Statistical Significance of Correlation Coefficients#

When \(\rho\) = 0:#

When \(\rho\) = 0, we can use a form of the \(z\)-statistic and \(t\)-statistic.

\[ t = \frac{r - \rho}{\sqrt{\frac{1-r^2}{N-2}}} \]

where the standard error of the distribution of \(r\) is \(\sqrt{\frac{1-r^2}{N-2}}\) and \(\rho\) = 0.

For large \(N\), this statistic is normally distributed (like the \(z\)-statistic), but for small \(N\) it has the distribution like a \(t\)-statistic, with \(\nu\) = \(N\) - 2 degrees of freedom.

As before, for small \(N\) the above statistic is only valid if the underlying distributions of the variables being correlated are normal. If \(N\) is large, then the Central Limit Theorem applies and the underlying distributions do not need to be normal.

Let’s take a look at an example:

Question #1

We have two time series, each of length 20, and they are correlated at \(r\) = 0.6. Does this correlation exceed the 95% confidence interval under the null hypothesis that \(\rho\) = 0? You can assume both time series are sampled from underlying normal distributions.

We had no prior knowledge (before getting the samples) that the sample correlation would be positive or negative, so we will use a two-sided \(t\)-test. The critial \(t\)-value for the 95% confidence level when dof = \(N\) - 2 = 18 is:

# critical t-value
import numpy as np
import scipy.stats as st
N = 20
dof = N - 2
t_crit = st.t.ppf(0.975,dof)
print(np.round(t_crit,2))
2.1

So, how does our actual \(t\)-statistic compare?
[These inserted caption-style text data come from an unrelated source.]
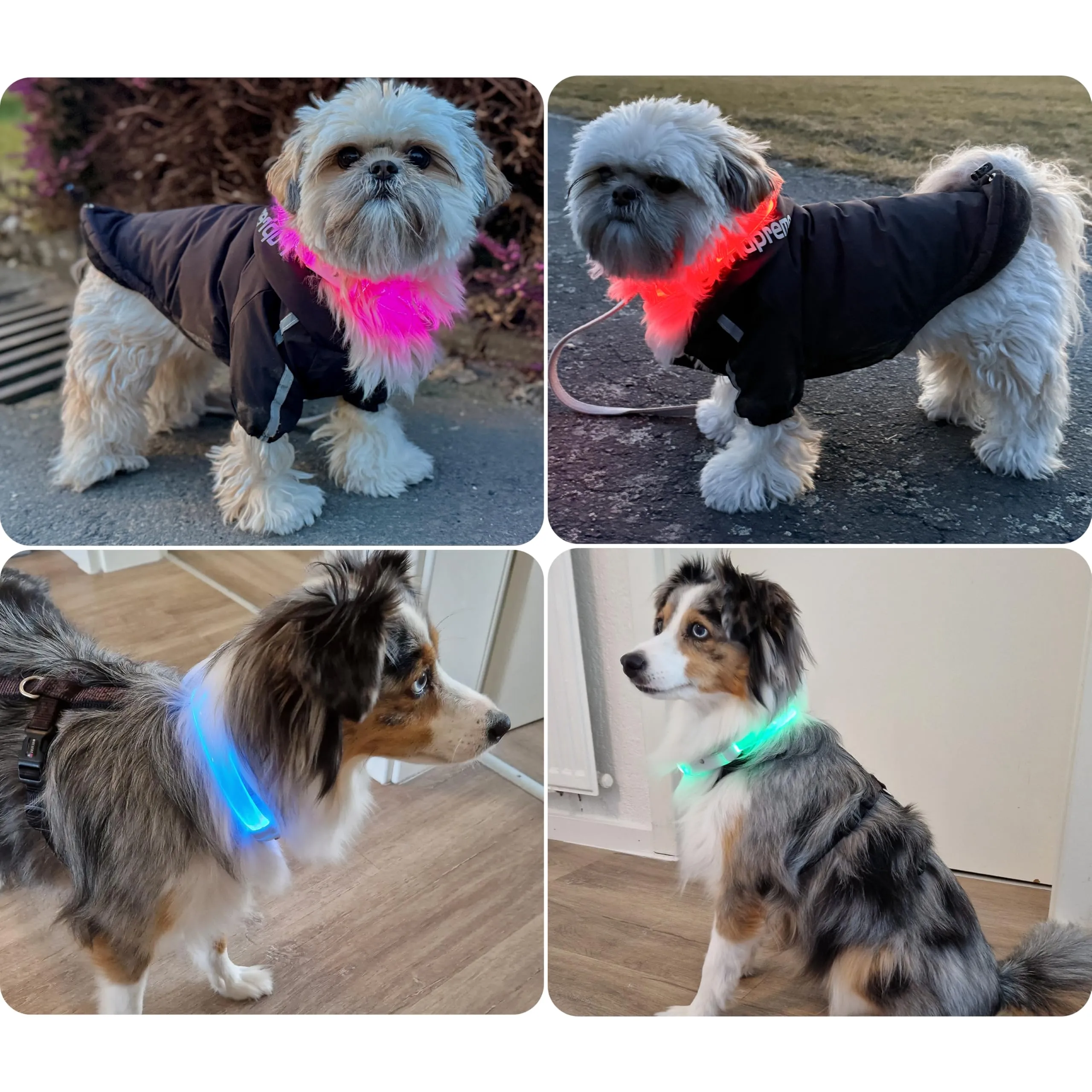 PAJ GPS Collare Luminoso LED Regolabile per Cani, Nero - immagine 3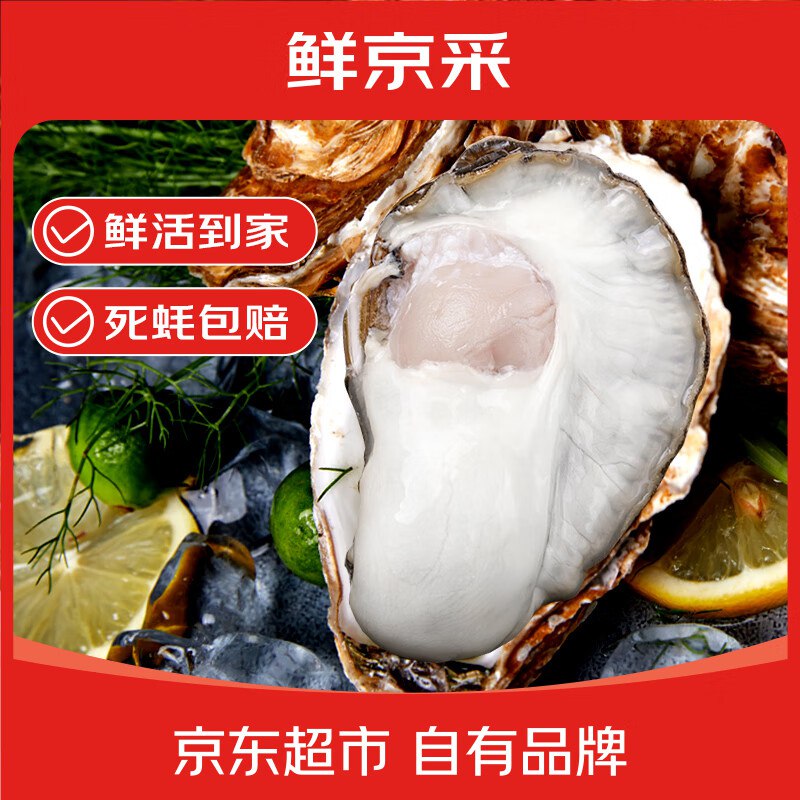 自营鲜京采 鲜活生蚝4XL 净重5斤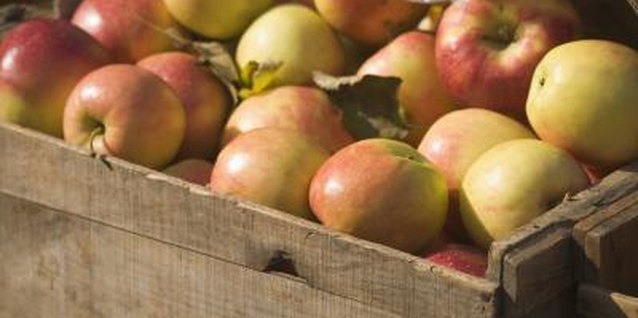 Jupiterimages/Creatas/Getty Images A home harvest of apples brings good eating and cooking.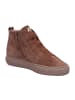 Paul Green Stiefeletten/Boot in braun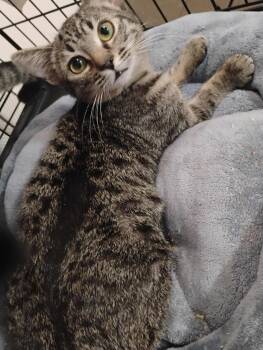 Millie ( Kat) -  Tabby Cat for Adoption in Vallejo, California - Millie ( Kat) | PetCurious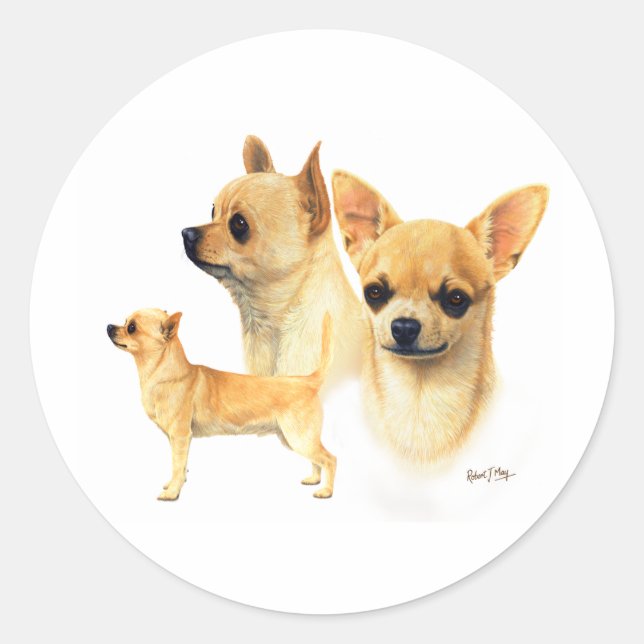 Adesivo Chihuahua (Frente)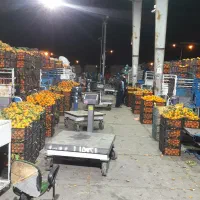 فروشنده و کارگر میدان میوه و تره بار شیراز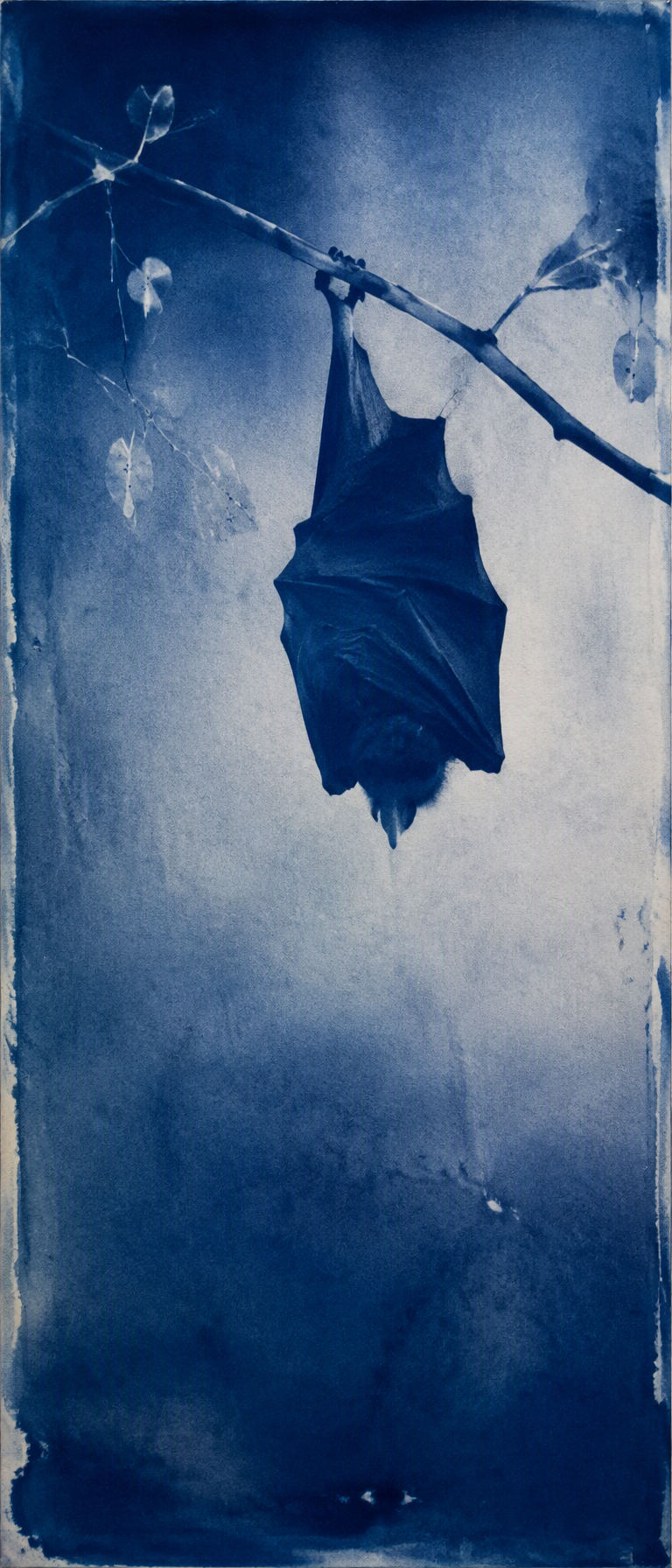 Prussian-blue cyanotype of one bat hanging from a diagonal branch above open negative space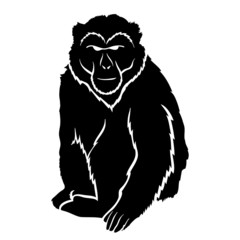 Monkey.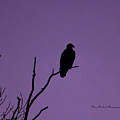 Bald Eagle in Silhouette Photograph by Mary Walchuck Bald Eagle in Silhouette Photograph by Mary Walchuck
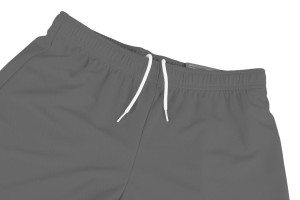 Шорти Puma teamRISE Short сірий Чол L 704942-13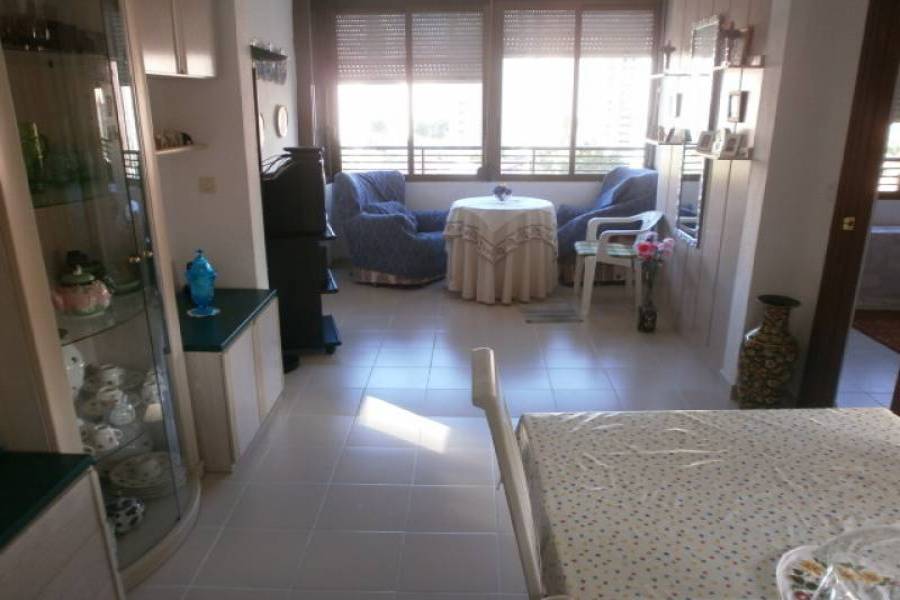 Benidorm,Alicante,España,1 Dormitorio Bedrooms,1 BañoBathrooms,Apartamentos,24243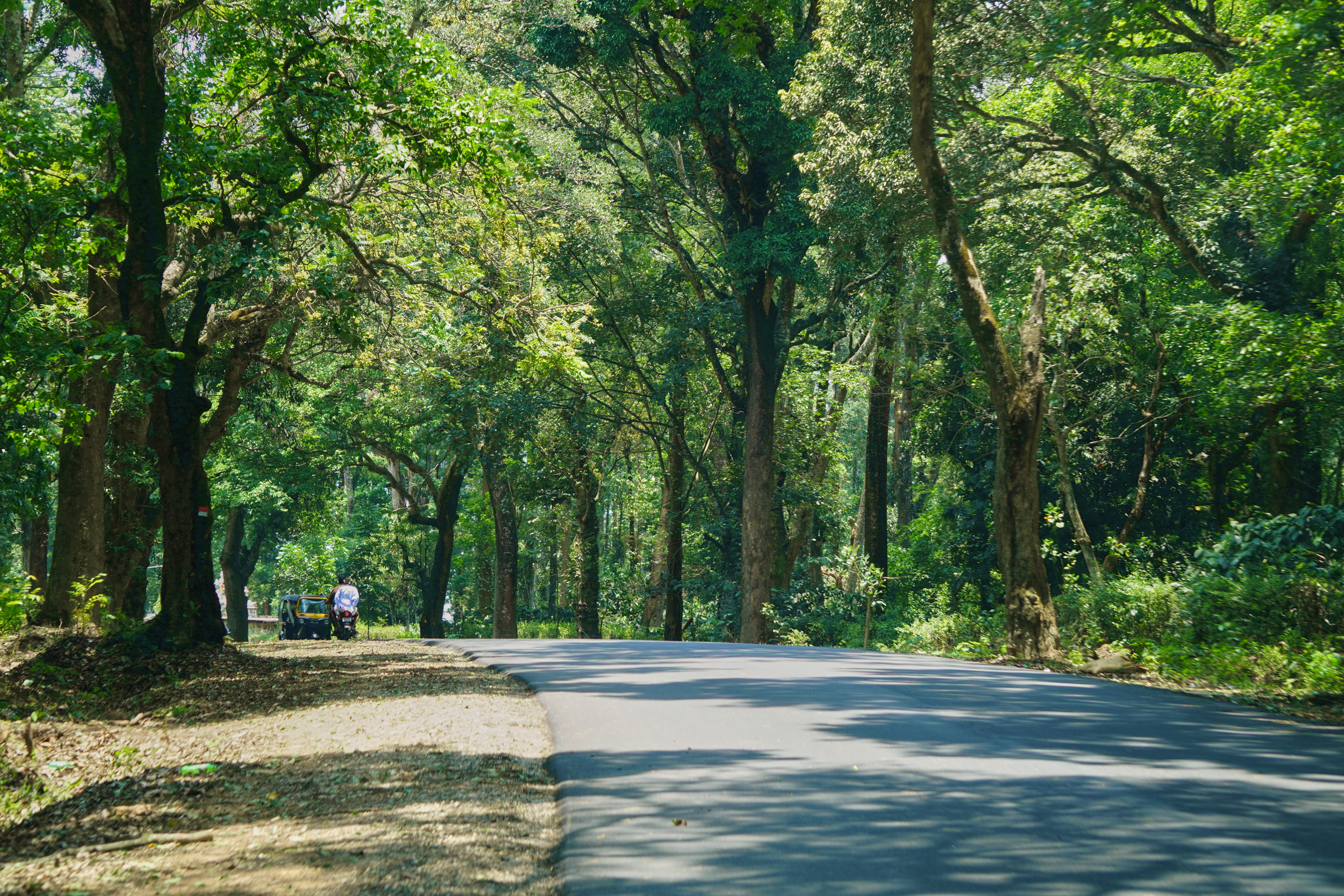Road through the forest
# calculate the t-statistic
r = 0.6

t = r * np.sqrt(N-2)/np.sqrt(1-r**2)
print(np.round(t,2))
3.18

Since the \(t\)-statistic is larger than \(t_c\), we can reject the null hypothesis that the population correlation is zero (\(\rho\) = 0).#

When \(\rho \neq\) 0:#

As we saw in the last section, when the true population correlation is not zero, the sampling distribution is not symmetric (like the \(z\) or \(t\) distributions), and so we cannot use the properties of the normal distribution for hypothesis testing.

However, we can transform the sampling distribution of \(r\) into something that is normal using the Fisher-Z Transformation to obtain the Fisher-Z statistic.

\[ \text{Fisher-Z} = \frac{1}{2}ln\left(\frac{1+r}{1-r}\right) \]

The Fisher-Z statistic is normally distributed with:

\[\begin{split} \begin{align} \mu_Z &= \frac{1}{2}ln\left(\frac{1+\rho}{1-\rho}\right)\\ \sigma_Z &= \frac{1}{\sqrt{N-3}} \end{align} \end{split}\]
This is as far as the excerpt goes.